◆ Dataset records ◆
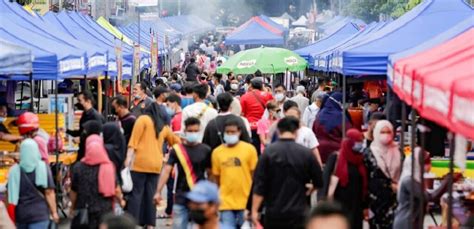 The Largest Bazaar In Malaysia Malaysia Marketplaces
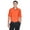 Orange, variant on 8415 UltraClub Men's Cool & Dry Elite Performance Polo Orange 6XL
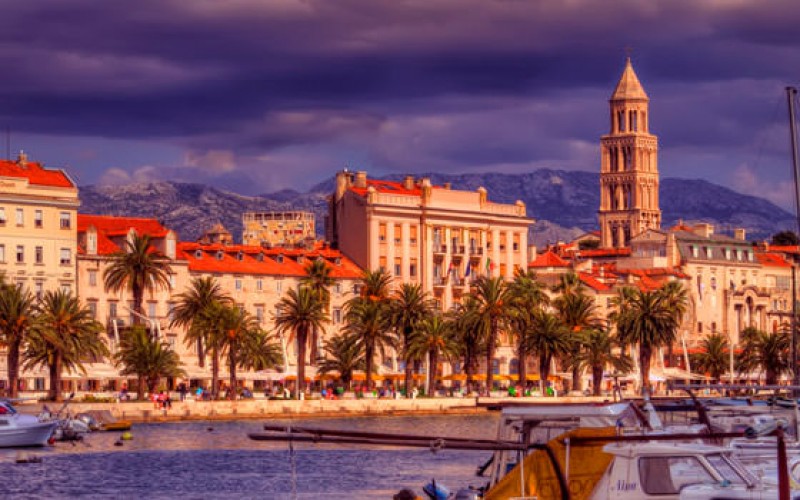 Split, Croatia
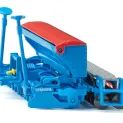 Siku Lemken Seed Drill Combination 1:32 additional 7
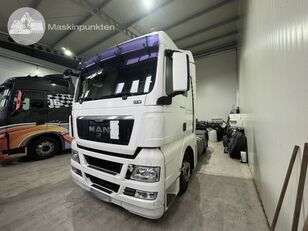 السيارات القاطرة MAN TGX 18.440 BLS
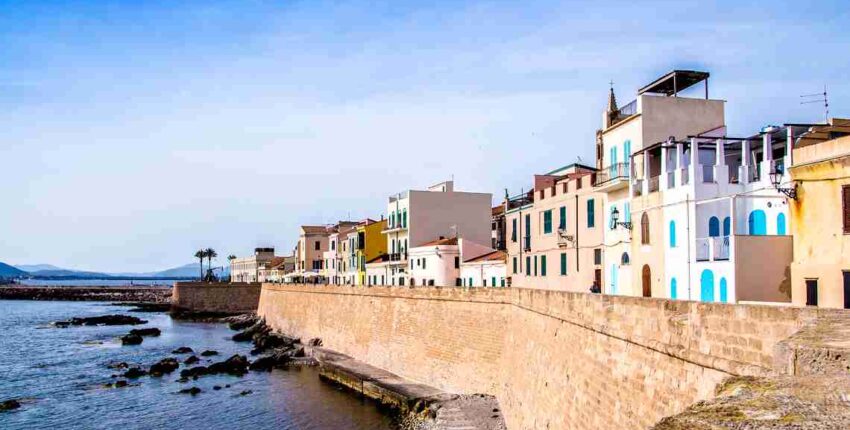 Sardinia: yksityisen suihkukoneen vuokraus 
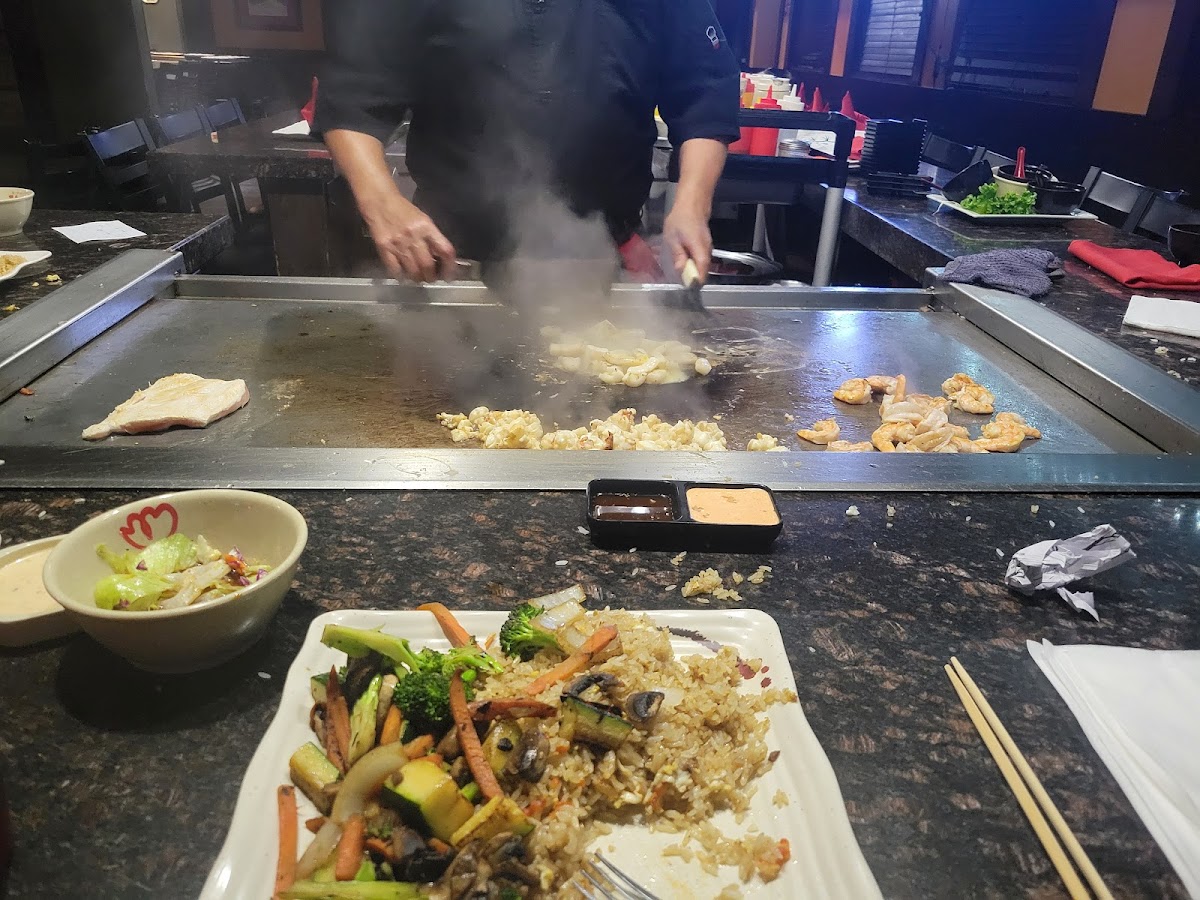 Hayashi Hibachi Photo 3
...
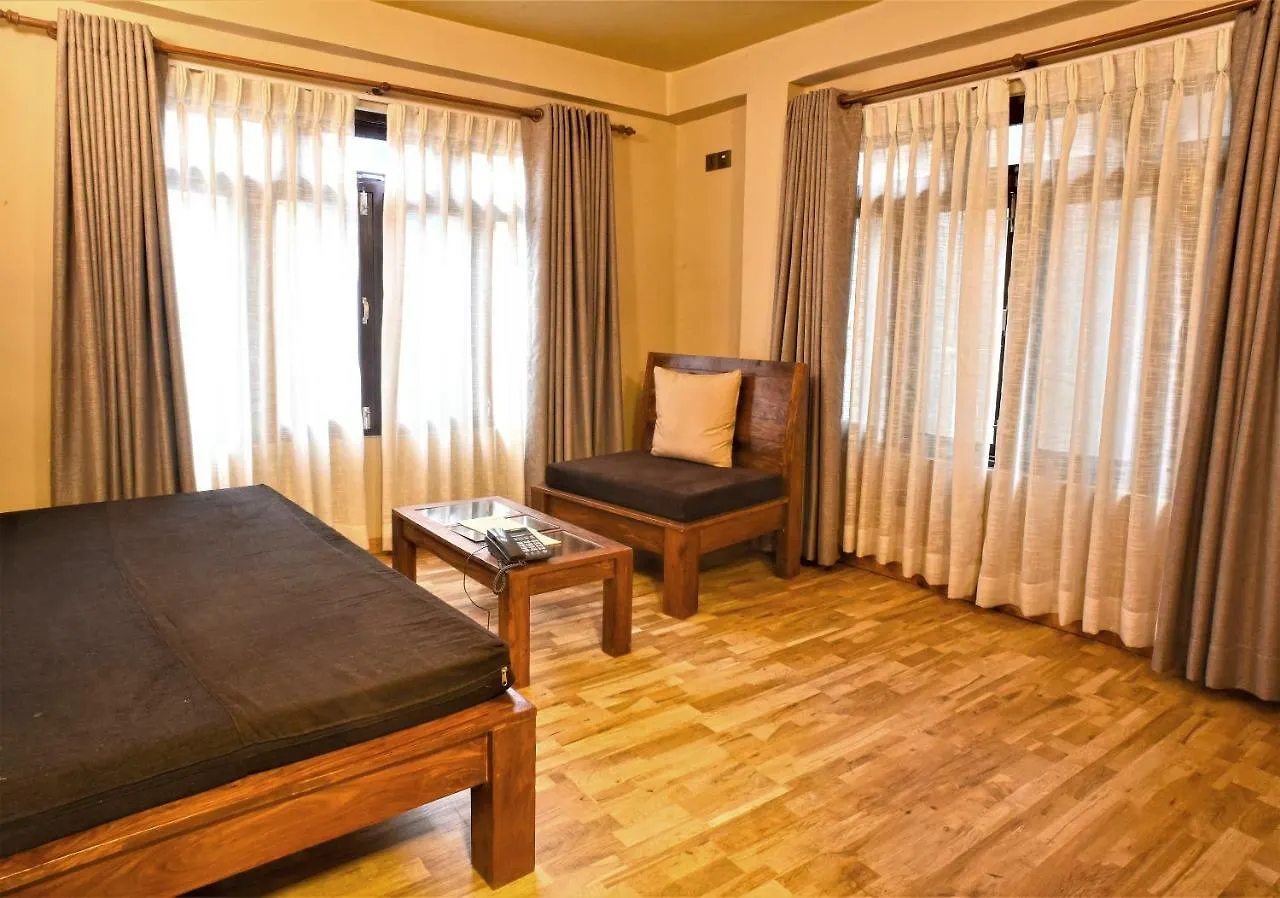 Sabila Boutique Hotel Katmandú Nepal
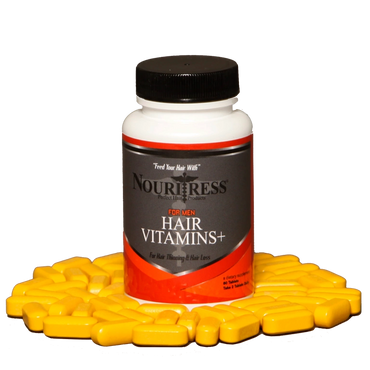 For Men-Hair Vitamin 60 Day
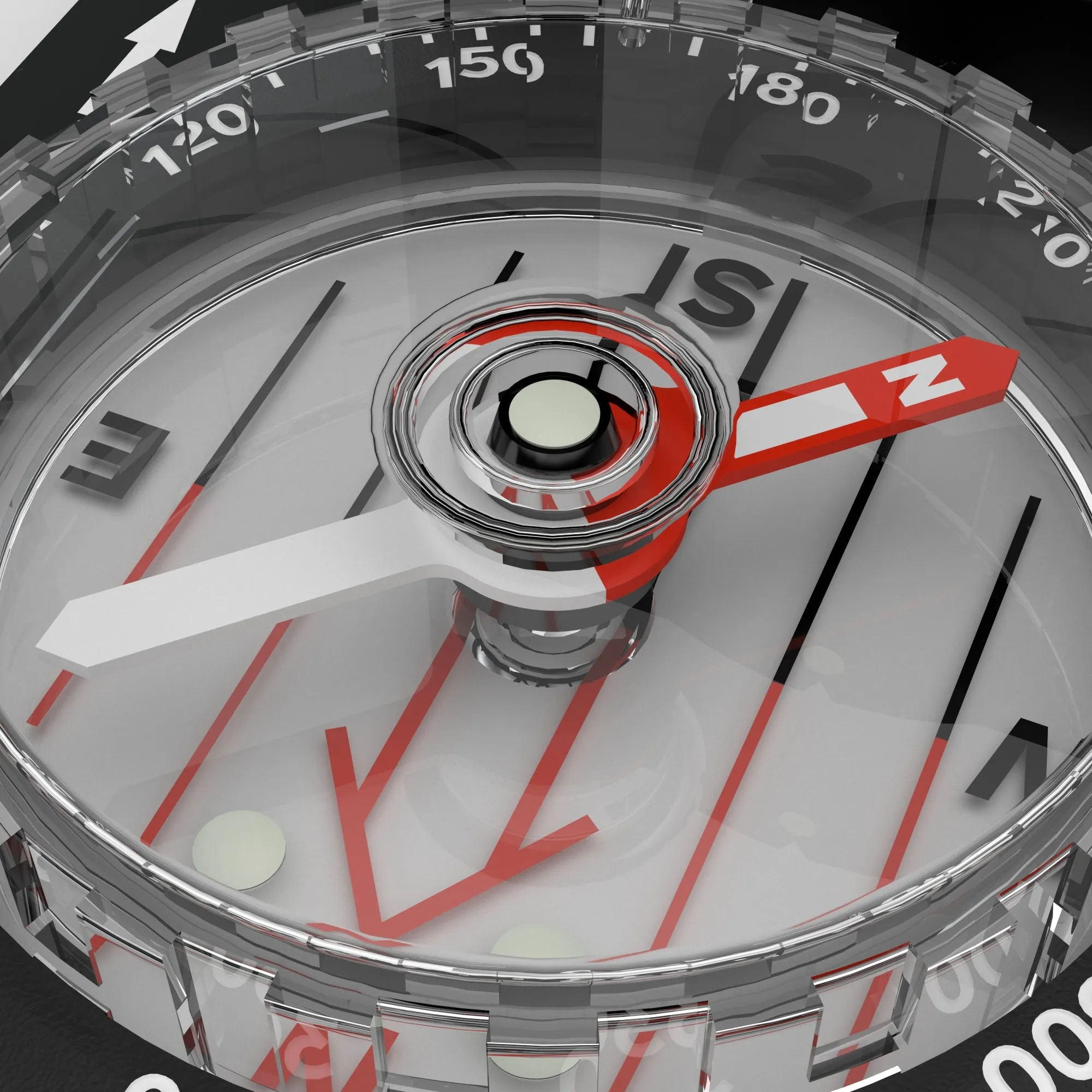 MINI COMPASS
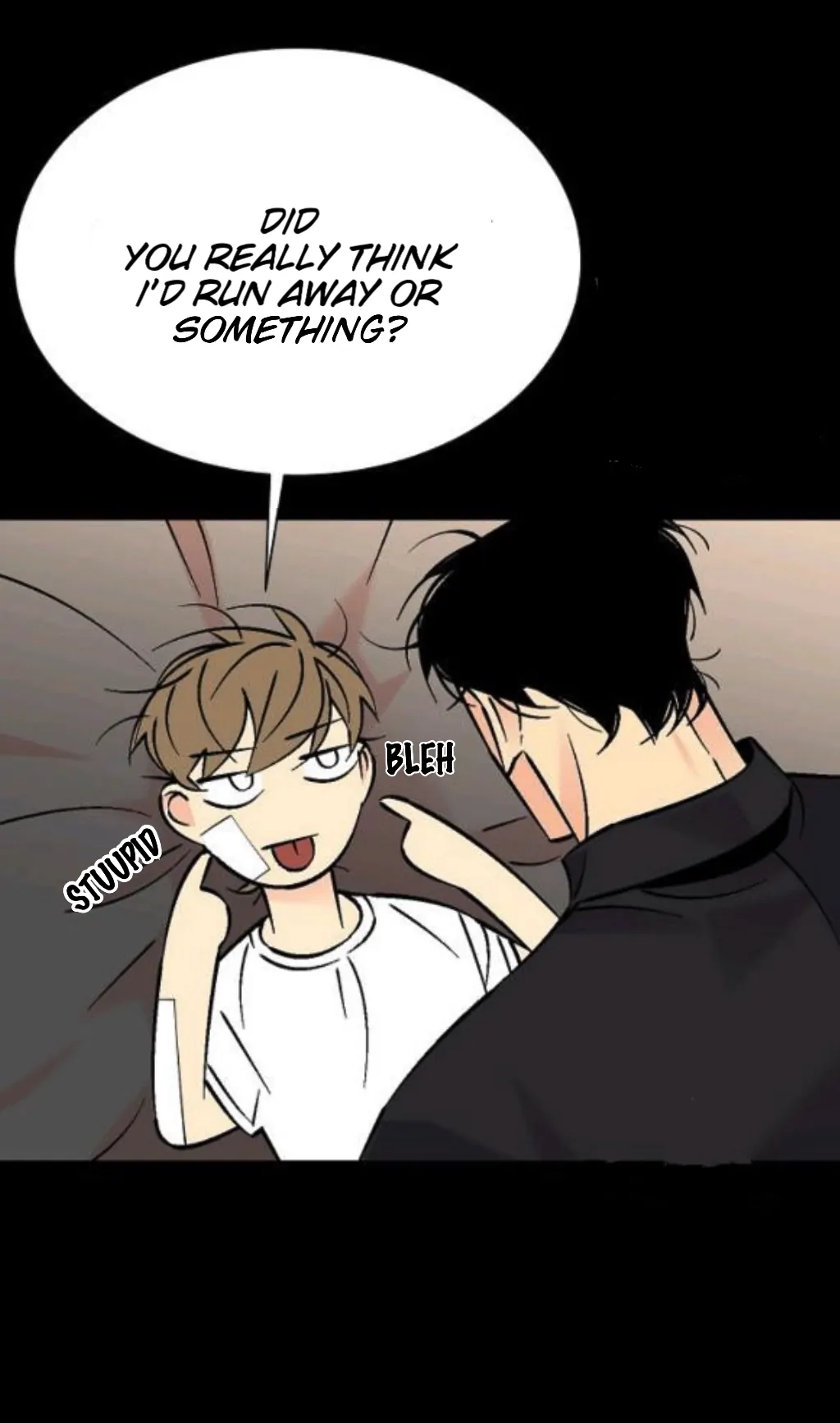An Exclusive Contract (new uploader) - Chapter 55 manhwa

◆ Exercise ◆
Look above for the line with "For Men-Hair Vitamin 60 Day", then print it and each line after it down to and including the line with "An Exclusive Contract". Leave out the pictures and keep the wording exact.

◆ Finished task ◆
 For Men-Hair Vitamin 60 Day
 MINI COMPASS
An Exclusive Contract (new uploader) - Chapter 55 manhwa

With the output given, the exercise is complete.